Benjamin Farar and Mary Ellis Farar claimed a 600-acre parcel in Wilkinson County, on Buffalo Creek, under a Spanish land grant made in 1789.[22] In February 1806, Benjamin Farar offered a $20 reward for the capture of 26-year-old Sam, "5 feet 9 or 10 inches high, large prominent eyes, he has an impediment in his speech, is branded on the breast B. F."[23]
Circa 1800 he was the number-one taxpayer in the vicinity of Second Creek, followed thereafter by Anthony Hutchins and "Mrs. Surget."[24] Amongst his taxable property was 27 slaves.[24] This was the highest number of taxable slaves held in "the richest district" of Adams County.[25] He owned Mississippi riverfront plantations about 20 miles below Vidalia in Concordia Parish.[26] In December 1809 his cotton crop was burned, twice, under what were considered to be suspicious circumstances.[27] The first fire took place in the dead of night: "We are informed, that a fire took place on Thursday last, about three o'clock in the morning on a farm of Capt. BENJAMIN FARAR'S, in the parish of Concordia, Orleans Territory, by which his mill, cotton gin, and the present crop of cotton, together with a considerable portion of the last year's crop, already baled, were entirely consumed. The ructive element was not difcovered until the heat had become so great as not to allow any person to approach within one hundred yards thereof. The damage sustained by Captain Farar in this unfortunate event, is estimated at between twenty five and thirty thousand dollars."[28] The estimated value of the cotton was US$25,000 (equivalent to $514,628 in 2025).
"Another fire, we learn, has taken place on the plantation of Capt. Benjamin Farar, in the Parish of Concordia, Orleans Territory. The Cotton saved from the last conflagration, together with what has been picked out since, amounting in all to something less than 100,000 weight, and a temporary Cotton House, has been consumed. There can no longer exit a doubt as to the manner in which this fire has been communicated. Some unknown and malignant person is the author. Circumstances of a peculiar nature warrant us in making the assertion. It behove every good citizen to be on the watch, and endeavor to detect the infamous incendiary. A man capable of so atrocious a crime will hesitate at nothing."[27]

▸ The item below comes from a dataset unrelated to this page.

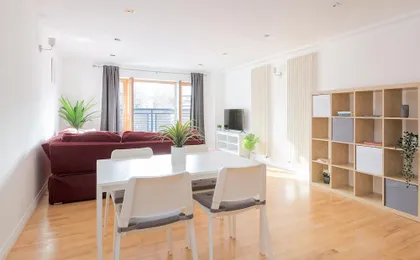 Serenity Apartment Whitechapel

A later court case record had it that "There was about 600,000 Ibs. of cotton in the seed, in the gin, when it was burned."[29]
In 1818 two enslaved men, Greenock and Abraham, recently purchased from Robert Bell of Nashville, Tennessee, ran away from the plantation of Benjamin Farar of Second Creek.[30] In 1819 he petitioned Mississippi House of Representatives to manumit "Louisa and her daughter Betsey" as had been requested by his brother-in-law Abram Ellis in his will.[31]
Personal life

- On October 14, 1794, the younger Benjamin Farar married Mary Ellis,[32] whose family had lent their name to the Ellis Cliffs along the Mississippi River.[33] Other Ellis women married into the local Rapalje, Minor, Chotard, Gustine, and Duncan planter families, which extended the network of potential creditors upon whom he could draw.[33] Mary Ellis Farar died October 15, 1820, in the yellow fever outbreak at Bay St. Louis that killed many members of the family.[34][35]

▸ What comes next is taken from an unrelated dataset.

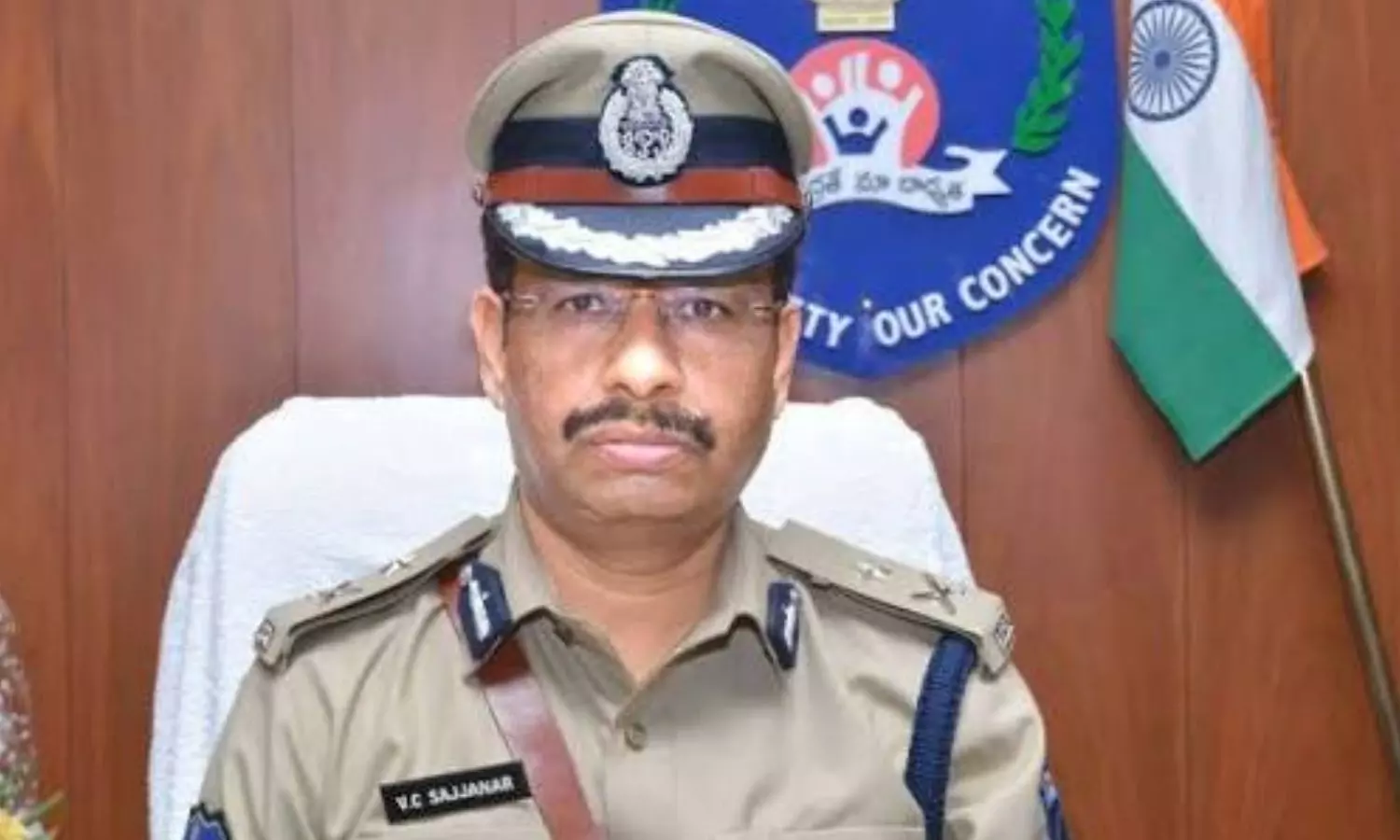 వృద్ధులను లక్ష్యంగా చేసుకుంటున్న సైబర్ మోసాలు పెరుగుతున్నాయని హైదరాబాద్ సీపీ హెచ్చరిక; రూ. 102 కోట్లు కాజేత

- Late in life, he remarried, to Jane Beverly of Virginia.[40] According to marriage registers, Benjamin Farar married Ann Tayloe Beverly in 1825 in Wilkinson County, Mississippi.[42] Beverly plantation was said to be named for this wife.[40] Ann Tayloe married second her cousin Carter Randolph in Louisiana.[43] According to one genealogy, Ann Tayloe Beverly was 15 years old at the time of the wedding.[44]
According to folklore retold by local writer Edith Wyatt Moore, "What if he did keep a sumptuous menage and dress like a London courtier, wasn't it the custom for the gentry to keep up with London in those days? It is told that he wore gorgeous satin knee breeches with silver buckles, velvet coats in almost as many hues as Joseph's coat and a cocked hat, powdered queue and buckled shoes to say nothing of a jeweled snuff box, lace cuffs, gold braid and silk hose. He maintained a lordly coach drawn by six matching horses and driven by a liveried coachman. There were footmen and postilian riders, also in livery."[40]